Here's how little confidence the global bond market has in the ability of Greece to avoid default: In order to sell two-year bonds, Athens must now offer its lenders 60 percent.
It is no wonder that more and more German officials, among others, fully expect Greece to default on its national debt. They are turning their attention to protecting German banks, which hold a significant amount of Greek debt, in the increasingly likely event of a default.
The 60 percent interest rate is only the latest evidence in the now-two-year Greek debacle that has exposed rifts among European leaders and institutions about how to handle members of the euro zone that won't live within their means. Some leaders want more monetary and fiscal integration and are pushing for the issuance of so-called euro bonds. Such a tactic, endorsed by France and Belgium, would spread all risks and all rewards among all members of the euro zone.

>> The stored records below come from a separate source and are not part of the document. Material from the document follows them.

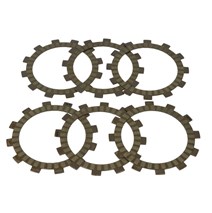 set of friction plates fits onKTM 65 98-23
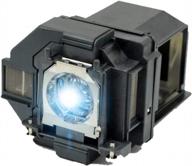 сменный проектор terzomens, совместимый с powerlite логотип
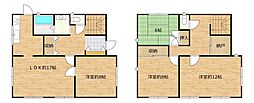 高知市朝倉己 一戸建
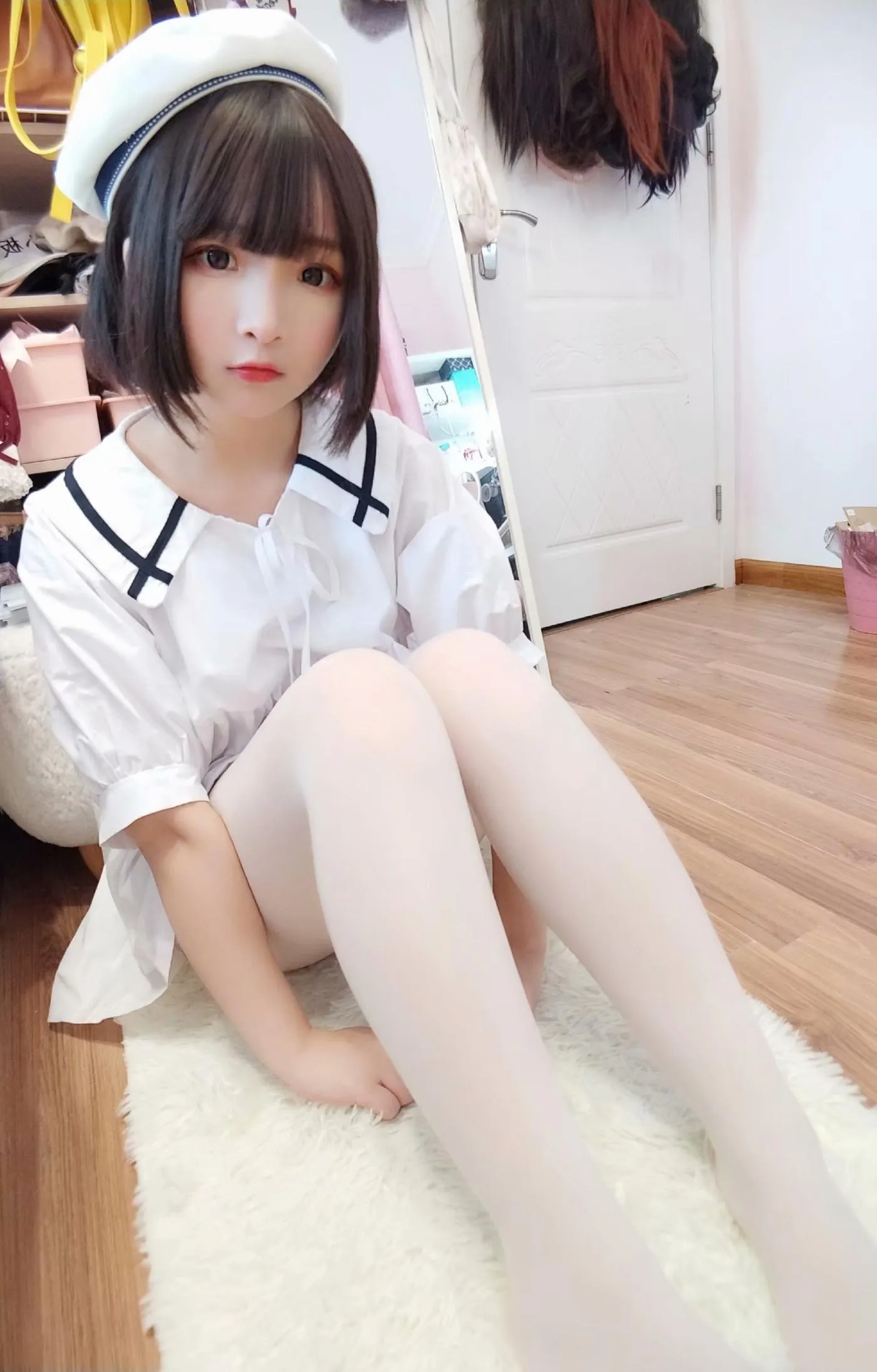 古川kagura – NO.57 定制 VOL.10 [55P]插图2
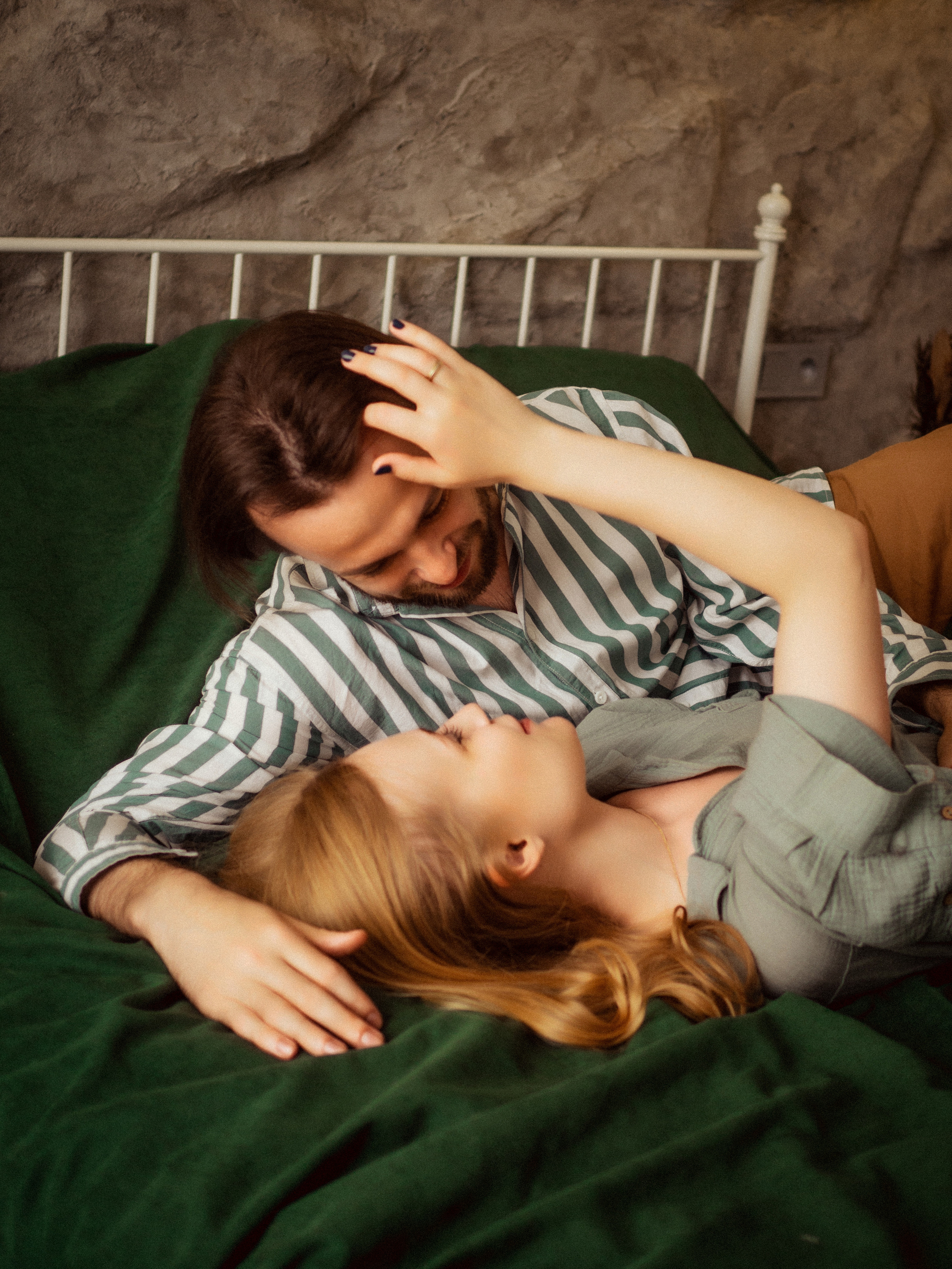 Даниил, Кристина и Бруни. Кулишова Катерина — твой фотограф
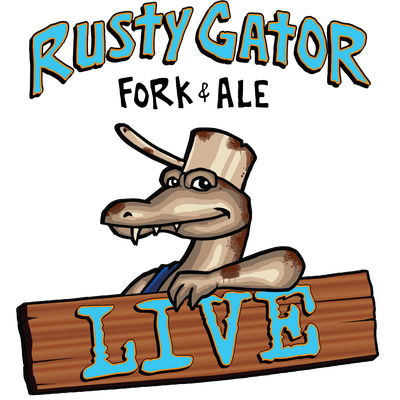 The Rusty Gator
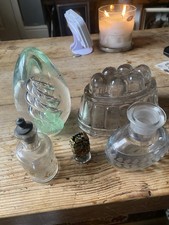 Glass Ware Job lot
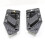 6x Maniglia Interna per Porta Interna per  Berlingo 1996-2008 Codice: 914395/914394 6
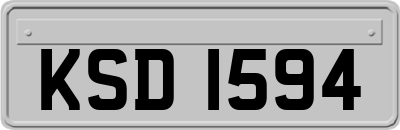 KSD1594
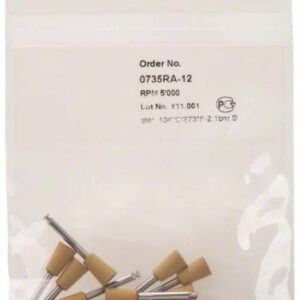 0735 CA EXA ESPECIAL COPA COMPOS. EDENTA 12u.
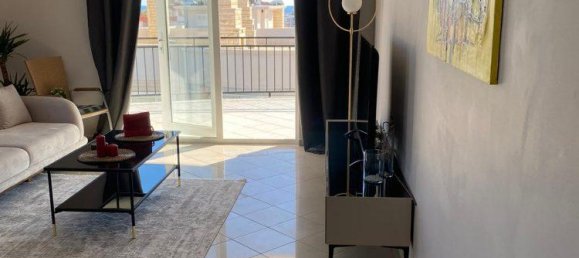 3 rooms Apartment in Tosmur, Turkey No. 16699 13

Other officials, including many from Finland and Slovakia, want either substantial collateral from Greece for more loans or else want Greece to just leave the euro zone before its troubles drag down the euro to new lows.
Now it appears that Germany may be tilting in the direction of Slovakia and Finland. Aides to German Chancellor Angela Merkel are signaling that Greece may need to leave the euro zone.
"It feels like Germany is preparing itself for a debt default," Jacques Cailloux, chief European economist at Royal Bank of Scotland Group Plc in London, told Bloomberg. "Fatigue is setting in. Germany could be a first mover or other countries could be preparing too."
As Europe's strongest economy, its support for any bailout of Greece is essential.
"The situation is very serious, more than some had thought," conservative parliamentary floor leader Peter Altmaier, who is from the Christian Democratic Union, told Reuters.
"Exclusion from the euro zone is not legally possible at the moment," he said. "That means the Greeks must decide themselves if they stay in the euro zone or if an exit is better for them."
The sky-high level of Greek interest rates coincides with European stock markets hitting a 26-month low, with French bank stocks leading the plunge.